Mit seinen Einwänden will der 38-Jährige kein Spielverderber sein. Er mahnt nur zur Vernunft. Sich selbst bezeichnet er als Perfektionisten. Seine Copy-Trading-Strategien ließ er von unabhängigen externen Plattformen verifizieren. Seine Profitabilität sei denn auch komplett transparent und überprüfbar gewesen.
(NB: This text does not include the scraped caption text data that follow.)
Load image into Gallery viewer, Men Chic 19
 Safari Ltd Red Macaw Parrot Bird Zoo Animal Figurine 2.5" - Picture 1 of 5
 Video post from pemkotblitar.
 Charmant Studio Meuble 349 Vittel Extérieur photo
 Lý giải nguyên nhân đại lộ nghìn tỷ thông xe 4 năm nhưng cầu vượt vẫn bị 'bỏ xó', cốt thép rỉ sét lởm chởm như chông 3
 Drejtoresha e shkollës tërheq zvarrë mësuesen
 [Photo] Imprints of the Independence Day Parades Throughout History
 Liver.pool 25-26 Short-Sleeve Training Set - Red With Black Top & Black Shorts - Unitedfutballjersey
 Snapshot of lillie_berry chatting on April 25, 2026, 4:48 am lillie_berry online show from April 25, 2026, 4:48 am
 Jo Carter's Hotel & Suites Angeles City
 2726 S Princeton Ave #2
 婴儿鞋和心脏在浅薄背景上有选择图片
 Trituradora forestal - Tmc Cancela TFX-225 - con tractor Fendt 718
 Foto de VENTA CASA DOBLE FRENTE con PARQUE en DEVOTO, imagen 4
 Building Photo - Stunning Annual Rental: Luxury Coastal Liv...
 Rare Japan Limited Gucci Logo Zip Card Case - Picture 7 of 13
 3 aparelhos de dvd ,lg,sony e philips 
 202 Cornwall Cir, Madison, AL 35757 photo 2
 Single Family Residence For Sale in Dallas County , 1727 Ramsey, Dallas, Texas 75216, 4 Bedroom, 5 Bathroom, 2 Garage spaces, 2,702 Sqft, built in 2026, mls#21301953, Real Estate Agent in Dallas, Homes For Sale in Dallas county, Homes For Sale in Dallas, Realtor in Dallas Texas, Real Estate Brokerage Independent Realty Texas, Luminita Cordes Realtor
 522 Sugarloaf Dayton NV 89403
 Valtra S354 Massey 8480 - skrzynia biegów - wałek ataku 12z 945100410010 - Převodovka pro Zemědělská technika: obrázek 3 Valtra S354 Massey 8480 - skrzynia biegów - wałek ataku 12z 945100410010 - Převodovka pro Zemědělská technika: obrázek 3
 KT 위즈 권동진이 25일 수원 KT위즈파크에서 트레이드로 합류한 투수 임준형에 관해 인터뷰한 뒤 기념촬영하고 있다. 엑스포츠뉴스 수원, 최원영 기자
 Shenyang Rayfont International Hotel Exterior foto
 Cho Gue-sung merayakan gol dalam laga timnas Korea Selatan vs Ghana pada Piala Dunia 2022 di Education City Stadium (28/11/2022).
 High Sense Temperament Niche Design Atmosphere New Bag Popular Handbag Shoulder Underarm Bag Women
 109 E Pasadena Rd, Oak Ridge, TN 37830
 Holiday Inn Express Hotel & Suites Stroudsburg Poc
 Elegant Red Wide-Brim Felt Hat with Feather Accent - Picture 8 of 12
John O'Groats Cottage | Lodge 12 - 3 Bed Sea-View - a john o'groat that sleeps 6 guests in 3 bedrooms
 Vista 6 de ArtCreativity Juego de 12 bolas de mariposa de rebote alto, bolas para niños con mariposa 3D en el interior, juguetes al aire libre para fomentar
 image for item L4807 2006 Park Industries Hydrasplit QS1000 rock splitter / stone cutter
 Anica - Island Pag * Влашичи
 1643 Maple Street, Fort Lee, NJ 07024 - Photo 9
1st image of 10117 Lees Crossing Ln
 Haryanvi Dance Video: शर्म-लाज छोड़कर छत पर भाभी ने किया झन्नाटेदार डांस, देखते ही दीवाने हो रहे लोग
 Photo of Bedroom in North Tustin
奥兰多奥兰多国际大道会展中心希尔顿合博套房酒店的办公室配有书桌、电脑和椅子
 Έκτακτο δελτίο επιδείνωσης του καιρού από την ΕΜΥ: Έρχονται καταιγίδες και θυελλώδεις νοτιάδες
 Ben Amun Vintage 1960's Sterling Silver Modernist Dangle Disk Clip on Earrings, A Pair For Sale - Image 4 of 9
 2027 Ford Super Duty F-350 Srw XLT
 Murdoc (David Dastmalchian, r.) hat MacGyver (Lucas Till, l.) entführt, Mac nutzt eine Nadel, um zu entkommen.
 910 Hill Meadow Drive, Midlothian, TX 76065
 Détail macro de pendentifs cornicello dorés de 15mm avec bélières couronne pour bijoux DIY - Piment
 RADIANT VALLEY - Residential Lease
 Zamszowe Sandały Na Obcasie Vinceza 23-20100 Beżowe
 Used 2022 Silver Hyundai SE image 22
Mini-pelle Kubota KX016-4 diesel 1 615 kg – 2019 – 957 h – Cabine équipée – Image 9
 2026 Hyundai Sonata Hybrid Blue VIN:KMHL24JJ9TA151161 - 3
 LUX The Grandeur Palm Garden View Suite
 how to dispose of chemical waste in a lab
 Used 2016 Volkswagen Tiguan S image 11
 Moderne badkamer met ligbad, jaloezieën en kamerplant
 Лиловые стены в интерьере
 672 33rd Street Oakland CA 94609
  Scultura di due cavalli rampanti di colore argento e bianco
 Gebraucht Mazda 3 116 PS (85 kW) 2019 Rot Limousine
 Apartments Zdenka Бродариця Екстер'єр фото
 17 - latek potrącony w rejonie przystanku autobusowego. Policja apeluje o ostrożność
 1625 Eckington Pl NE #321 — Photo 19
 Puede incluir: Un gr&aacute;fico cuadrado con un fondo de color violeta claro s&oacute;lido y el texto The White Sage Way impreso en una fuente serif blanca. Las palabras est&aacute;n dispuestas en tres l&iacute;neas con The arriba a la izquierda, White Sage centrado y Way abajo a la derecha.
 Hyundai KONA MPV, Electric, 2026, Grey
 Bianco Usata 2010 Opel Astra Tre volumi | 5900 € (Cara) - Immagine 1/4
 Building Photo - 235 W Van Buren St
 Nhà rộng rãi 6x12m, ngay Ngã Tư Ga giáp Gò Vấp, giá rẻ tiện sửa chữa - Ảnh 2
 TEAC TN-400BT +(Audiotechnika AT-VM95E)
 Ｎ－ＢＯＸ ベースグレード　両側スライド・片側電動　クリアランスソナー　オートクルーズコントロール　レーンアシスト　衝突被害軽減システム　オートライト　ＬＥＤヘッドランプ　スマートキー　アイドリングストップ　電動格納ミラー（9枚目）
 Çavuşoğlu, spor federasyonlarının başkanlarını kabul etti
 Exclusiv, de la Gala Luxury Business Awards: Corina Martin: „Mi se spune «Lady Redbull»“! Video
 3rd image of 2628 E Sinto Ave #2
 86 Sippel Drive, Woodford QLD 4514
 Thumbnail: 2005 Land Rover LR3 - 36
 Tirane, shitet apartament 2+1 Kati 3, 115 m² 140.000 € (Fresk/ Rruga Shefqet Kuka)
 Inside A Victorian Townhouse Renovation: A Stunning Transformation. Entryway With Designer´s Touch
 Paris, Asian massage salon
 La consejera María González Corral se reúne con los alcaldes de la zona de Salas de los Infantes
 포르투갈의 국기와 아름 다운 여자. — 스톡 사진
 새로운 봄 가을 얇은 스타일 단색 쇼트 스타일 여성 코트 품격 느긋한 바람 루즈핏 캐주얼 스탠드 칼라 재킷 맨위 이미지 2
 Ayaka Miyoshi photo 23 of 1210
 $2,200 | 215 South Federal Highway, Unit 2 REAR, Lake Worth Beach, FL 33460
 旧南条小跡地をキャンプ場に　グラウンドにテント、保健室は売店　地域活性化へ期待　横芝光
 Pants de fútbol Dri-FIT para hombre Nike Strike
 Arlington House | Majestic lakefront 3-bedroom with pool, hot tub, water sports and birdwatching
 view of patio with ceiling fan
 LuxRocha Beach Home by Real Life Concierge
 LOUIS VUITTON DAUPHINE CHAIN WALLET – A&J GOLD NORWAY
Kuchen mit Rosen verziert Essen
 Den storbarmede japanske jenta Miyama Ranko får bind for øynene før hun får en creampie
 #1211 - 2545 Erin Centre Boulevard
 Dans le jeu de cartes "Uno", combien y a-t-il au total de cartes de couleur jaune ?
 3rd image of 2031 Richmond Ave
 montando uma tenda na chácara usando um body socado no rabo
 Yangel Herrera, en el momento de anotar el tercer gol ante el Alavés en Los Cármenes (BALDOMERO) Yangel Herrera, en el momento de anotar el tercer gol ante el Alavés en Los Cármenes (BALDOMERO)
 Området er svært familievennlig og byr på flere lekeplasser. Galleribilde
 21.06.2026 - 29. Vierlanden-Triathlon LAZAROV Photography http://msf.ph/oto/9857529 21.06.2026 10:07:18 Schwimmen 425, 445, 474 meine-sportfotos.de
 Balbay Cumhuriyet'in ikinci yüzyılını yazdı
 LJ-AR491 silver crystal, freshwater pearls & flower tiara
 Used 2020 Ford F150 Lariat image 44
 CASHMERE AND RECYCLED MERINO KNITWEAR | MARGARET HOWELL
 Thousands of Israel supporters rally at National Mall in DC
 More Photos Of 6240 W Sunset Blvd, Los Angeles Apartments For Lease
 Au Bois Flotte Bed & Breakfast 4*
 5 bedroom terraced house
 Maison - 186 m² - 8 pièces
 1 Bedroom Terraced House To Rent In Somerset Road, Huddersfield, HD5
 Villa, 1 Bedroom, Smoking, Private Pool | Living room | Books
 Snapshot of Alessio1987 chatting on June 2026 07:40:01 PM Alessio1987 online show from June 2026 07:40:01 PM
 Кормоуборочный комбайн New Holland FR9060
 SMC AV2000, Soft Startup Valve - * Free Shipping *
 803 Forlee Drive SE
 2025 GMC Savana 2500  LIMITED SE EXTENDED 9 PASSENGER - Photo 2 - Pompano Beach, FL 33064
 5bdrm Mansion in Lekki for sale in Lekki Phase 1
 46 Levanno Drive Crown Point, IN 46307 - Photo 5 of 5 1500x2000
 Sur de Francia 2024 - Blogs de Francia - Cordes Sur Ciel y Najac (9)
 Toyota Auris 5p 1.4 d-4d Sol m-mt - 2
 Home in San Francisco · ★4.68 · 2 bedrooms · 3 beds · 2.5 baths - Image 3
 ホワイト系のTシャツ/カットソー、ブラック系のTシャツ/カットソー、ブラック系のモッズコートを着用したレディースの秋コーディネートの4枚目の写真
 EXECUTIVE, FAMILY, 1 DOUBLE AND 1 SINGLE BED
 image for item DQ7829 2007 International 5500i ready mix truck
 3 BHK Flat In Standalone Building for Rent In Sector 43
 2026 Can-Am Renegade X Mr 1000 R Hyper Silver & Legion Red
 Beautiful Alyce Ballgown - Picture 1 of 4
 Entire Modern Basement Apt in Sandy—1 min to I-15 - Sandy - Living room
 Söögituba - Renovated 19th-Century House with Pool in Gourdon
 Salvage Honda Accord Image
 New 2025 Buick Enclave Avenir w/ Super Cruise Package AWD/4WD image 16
„Ich habe bisher in meinem Leben über 100 Milliarden Euro im Börsenhandel abgewickelt und weiß wovon ich rede. Man muss wie ein Unternehmer vorgehen und die Gewinne sichern.“ – Sebastian Müller, Wellen Trading
Langfristig agieren
Anfänger könnten durchaus von den Handelsentscheidungen der Fachleute profitieren, hebt der studierte Betriebswirt hervor. Er rät erst einmal zu kleineren Investitionen mit niedrigeren Hebeln. Mit Copy Trading lasse sich das eigene Portfolio außerdem diversifizieren. „Ich habe bisher in meinem Leben über 100 Milliarden Euro im Börsenhandel abgewickelt und weiß, wovon ich rede.“ Man müsse wie ein Unternehmer vorgehen und die Gewinne sichern.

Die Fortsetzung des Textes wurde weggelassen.